Título: Internet e auto-regulação: responsabilidade e crimes
Autor:
Fonte: Valor Econômico, 26/01/2005, Legislação & Tributos, p. E2

Na Idade Média, predominava o direito romano formalista e tradicional, a influência da Igreja contra a usura, além de diferentes regras, pesos e medidas em cada feudo. Nesse cenário desfavorável ao desenvolvimento do comércio, os comerciantes unem-se em corporações e ligas, cristalizando regras emergentes na forma do direito comercial, a partir de normas produzidas pelos próprios comerciantes e decisões dos cônsules - juízes eleitos pela corporação para resolver disputas comerciais. Ao invés de solidificar uma realidade paralela e rival, essas criações foram posteriormente reconhecidas e codificadas pelo direito. Chega a sociedade da informação séculos depois. Diante da dita crise do Estado soberano, não raro são discutidas propostas de auto-regulação para as relações intermediadas pela internet, buscando agilidade, constante atualização com o progresso tecnológico e garantia de conhecimento específico de importantes peculiaridades do setor econômico para a normatização de suas relações jurídicas. Apesar de apresentar grandes vantagens, não se deve esquecer que sua estrutura somente será firme na medida da solidez do interesse em que as condutas previstas sejam respeitadas. De fato, as técnicas coercitivas que a auto-regulação conta, por si só, não seriam suficientes para a desejada segurança jurídica. A conformidade da conduta às regras da auto-regulação somente é observada enquanto existe uma conveniência, um equilíbrio favorável no sistema de "sticks and carrots", das possíveis punições e dos benefícios que podem ser auferidos. Dentre esses vetores podemos apontar a reputação do agente perante o mercado, a necessidade de contínuo relacionamento empresarial com outros agentes e a adoção de padrões mínimos para obtenção de selos de qualidade. Ilustrando esse argumento, lembramos de um episódio ocorrido no ano 2000, quando uma empresa americana pontocom do setor de brinquedos, para saldar suas dívidas, pretendeu vender o banco de dados de seus consumidores, contrariamente ao pré-estabelecido não apenas por sua política de privacidade, mas também em desacordo com regras mínimas de qualidade exigidas por um selo de certificação de uma organização respeitada pelo mercado. Somente com a intervenção do Federal Trade Commission e sua identificação de aí existir uma prática desleal de comércio é que a ação foi impedida. A legislação tradicional, no caso, foi essencial para a manutenção da ordem jurídica.
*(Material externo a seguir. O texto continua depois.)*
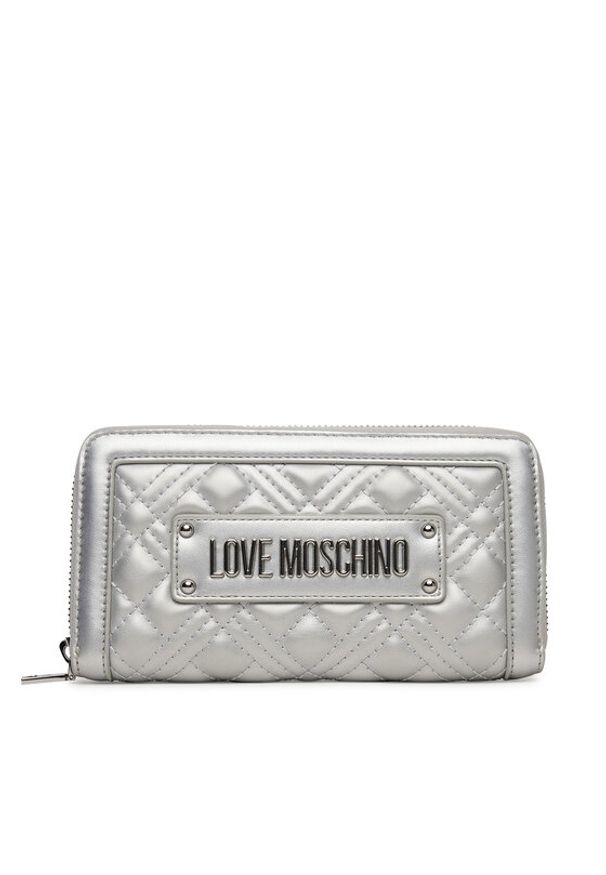 Love Moschino - LOVE MOSCHINO Duży Portfel Damski JC5600PP1MLA196B Srebrny. Kolor: srebrny. Materiał: skóra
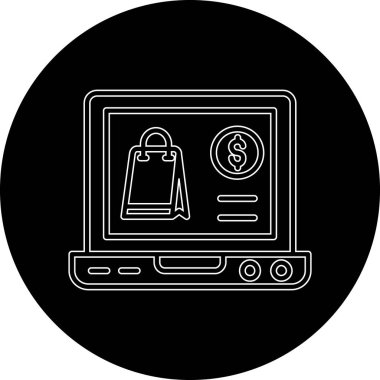 Dizüstü bilgisayar simgesi vektör çizimi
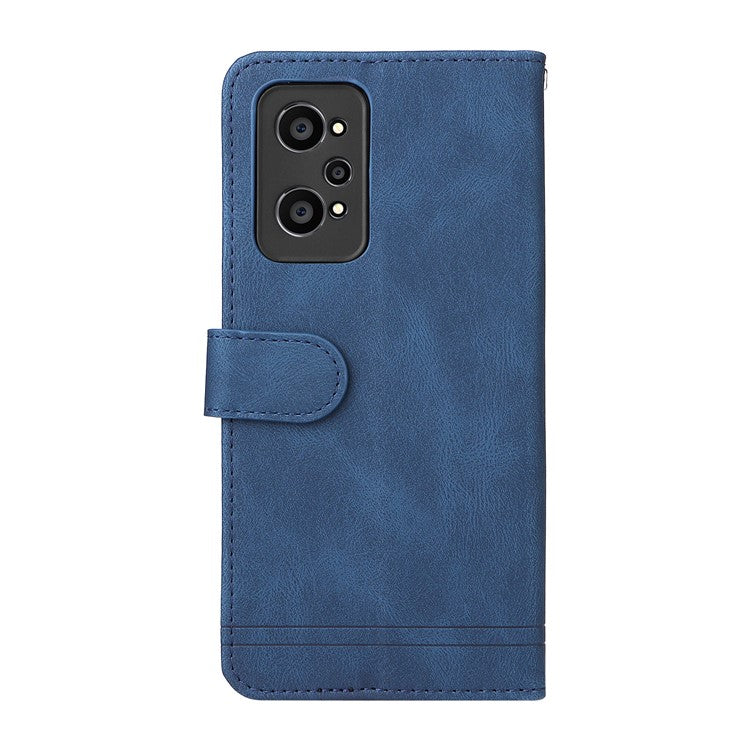 Retro Tree Pattern Metal Button Decor Stand Wallet PU Leather Phone Case Cover for Realme GT Neo2 5G/GT Neo 3T 5G - Blue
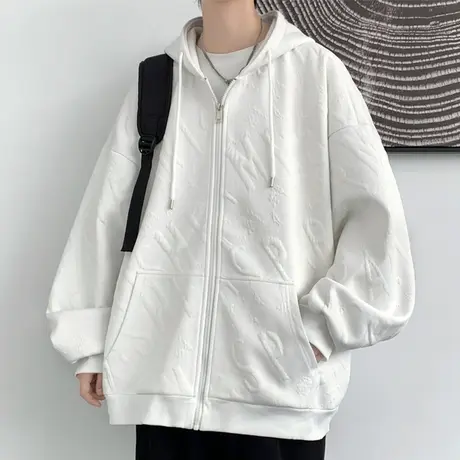 压花开衫卫衣男春秋款美式潮牌连帽夹克男生情侣休闲秋装上衣外套商品大图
A legislação tradicional é fundamental para o tratamento das operações intermediadas por meio da internet

A legislação tradicional é fundamental para o tratamento das operações intermediadas pela internet, assim como se observou no desenvolvimento do direito comercial, quando a ordem jurídica não apenas incorporou mas inclusive se transformou ao reconhecer os acordos firmados entre os mercadores. Não há que se falar em zonas insulares de aplicação jurídica, em uma nêmese entre a legislação e a auto-regulação. O direito é aplicável a todos, indistintamente do setor econômico a que se refere. A existência de regras específicas e desenvoltas - como o Código Brasileiro de Auto-regulamentação Publicitária, para tomar um exemplo bem conhecido - não afasta princípios como o da legalidade e do devido processo legal. Isso significa que os conflitos emergentes pela inobservância de regras da auto-regulação são solucionados pelo direito vigente. Onde está a sociedade, está o direito. O brocardo latino é ainda aplicável para a mais atual modalidade de comunicação e interação social: as redes sociais digitais, que ganharam uma grande aceitação do mercado brasileiro, sendo o Orkut, Multiply, LinkedIn, 1Grau, entre outros, alguns dos software que se destacaram neste ano. Talvez induzidos pelo engano de estarem protegidos pelo meio digital, diversos indivíduos vêm, por esses meios, conduzindo discussões em afronta aos bons costumes acompanhadas de informações injuriosas, caluniosas ou que induzem terceiros a erros, como pela personificação de celebridades ou mesmo de pessoas não famosas. Estes aspectos podem culminar em obrigações indenizatórias, além do envolvimento em ações penais, independentemente da existência de um cuidadoso método de vigilância dos administradores desses sistemas, que podem impor a suspensão temporária ou mesmo o cancelamento das contas quando verificado o não-cumprimento dos seus termos de uso. Apesar das grandes vantagens e praticidades de uma ação junto à administração do sistema, caso este não apresente a efetividade desejada, sempre é válida a consideração de medidas judiciais. Nesse sentido, aqueles que oferecem sistemas de interação social devem tomar as devidas precauções para não serem, sem razão, conduzidos a litígios judiciais ou até mesmo condenados injustificadamente. Deve-se orientar esses prestadores de serviços para que implementem de antemão métodos que facilitem a prova judicial, mostrando que sua atuação é responsável e buscando o respeito ao consumidor brasileiro.